Hypergeometric1F1

Status: Stable

documented, exercised by the test suite and/or worked examples, with no known limitations recorded.

Description

Hypergeometric1F1[a, b, z]
    is Kummer's confluent hypergeometric 1F1, equal to HypergeometricPFQ[{a}, {b}, z].

Examples

All examples below are verified against the current Mathilda build.
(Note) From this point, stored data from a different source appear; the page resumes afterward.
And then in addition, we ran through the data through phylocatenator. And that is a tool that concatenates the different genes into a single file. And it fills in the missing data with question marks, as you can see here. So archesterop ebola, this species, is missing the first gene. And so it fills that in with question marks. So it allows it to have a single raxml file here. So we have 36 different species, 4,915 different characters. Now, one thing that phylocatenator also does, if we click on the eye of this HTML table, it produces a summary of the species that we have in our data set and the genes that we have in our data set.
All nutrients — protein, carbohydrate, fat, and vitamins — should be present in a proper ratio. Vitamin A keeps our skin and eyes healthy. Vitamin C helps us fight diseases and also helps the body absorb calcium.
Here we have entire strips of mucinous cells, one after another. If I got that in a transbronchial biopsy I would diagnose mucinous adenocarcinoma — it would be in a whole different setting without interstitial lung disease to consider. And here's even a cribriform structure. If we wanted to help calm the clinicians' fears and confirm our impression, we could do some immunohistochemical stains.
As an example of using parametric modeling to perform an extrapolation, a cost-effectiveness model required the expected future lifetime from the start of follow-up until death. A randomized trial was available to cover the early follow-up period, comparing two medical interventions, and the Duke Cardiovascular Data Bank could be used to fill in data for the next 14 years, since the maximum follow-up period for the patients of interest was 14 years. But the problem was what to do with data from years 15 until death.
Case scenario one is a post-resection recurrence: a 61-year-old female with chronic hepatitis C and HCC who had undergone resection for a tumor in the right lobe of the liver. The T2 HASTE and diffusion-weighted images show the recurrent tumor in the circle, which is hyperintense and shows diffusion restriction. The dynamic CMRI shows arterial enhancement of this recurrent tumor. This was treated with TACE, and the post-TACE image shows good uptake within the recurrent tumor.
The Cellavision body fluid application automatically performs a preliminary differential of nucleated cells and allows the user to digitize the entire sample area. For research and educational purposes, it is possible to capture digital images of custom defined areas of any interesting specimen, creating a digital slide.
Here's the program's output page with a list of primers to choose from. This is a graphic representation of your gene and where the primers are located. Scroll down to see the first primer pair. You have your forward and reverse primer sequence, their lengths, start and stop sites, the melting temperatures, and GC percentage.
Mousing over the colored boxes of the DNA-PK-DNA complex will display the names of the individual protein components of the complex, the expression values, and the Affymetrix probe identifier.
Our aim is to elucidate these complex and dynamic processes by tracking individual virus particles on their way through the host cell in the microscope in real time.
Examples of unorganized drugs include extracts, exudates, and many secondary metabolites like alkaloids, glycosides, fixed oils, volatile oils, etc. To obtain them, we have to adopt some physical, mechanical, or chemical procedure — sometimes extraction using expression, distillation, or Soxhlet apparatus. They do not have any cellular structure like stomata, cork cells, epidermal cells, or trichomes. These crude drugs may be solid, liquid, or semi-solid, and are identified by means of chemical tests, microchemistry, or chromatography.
In[1]:= Hypergeometric1F1[a, b, 0]
Out[1]= 1

Implementation notes

Attributes: NumericFunction, Protected.

Implementation status

Stable — documented, exercised by the test suite and/or worked examples, with no known limitations recorded.

References

• Source: src/info.c
• Specification: docs/spec/builtins/special-functions.md

Notes & additional examples

Worked examples

In[1]:= Hypergeometric1F1[1, 2, z]
Out[1]= (-1 + E^z)/z

A non-positive integer upper parameter terminates Kummer's series to a polynomial (here a scaled Laguerre polynomial):

In[1]:= Hypergeometric1F1[-2, 1, z]
Out[1]= 1 - 2 z + 1/2 z^2

The numeric path agrees with the closed form to full precision — evaluating 1F1[1, 2, 3] and (E^3 - 1)/3 to 40 digits:

In[1]:= N[Hypergeometric1F1[1, 2, 3], 40]
Out[1]= 6.3618456410625559136428432181939059656621

In[2]:= N[(E^3 - 1)/3, 40]
Out[2]= 6.3618456410625559136428432181939059656621

Notes

Hypergeometric1F1[a, b, z] is Kummer's confluent hypergeometric function, equal to HypergeometricPFQ[{a}, {b}, z], and converges for all z. A non-positive integer a truncates the series to a polynomial (the Laguerre/Hermite family); otherwise the function evaluates numerically at machine, MPFR, and complex precision.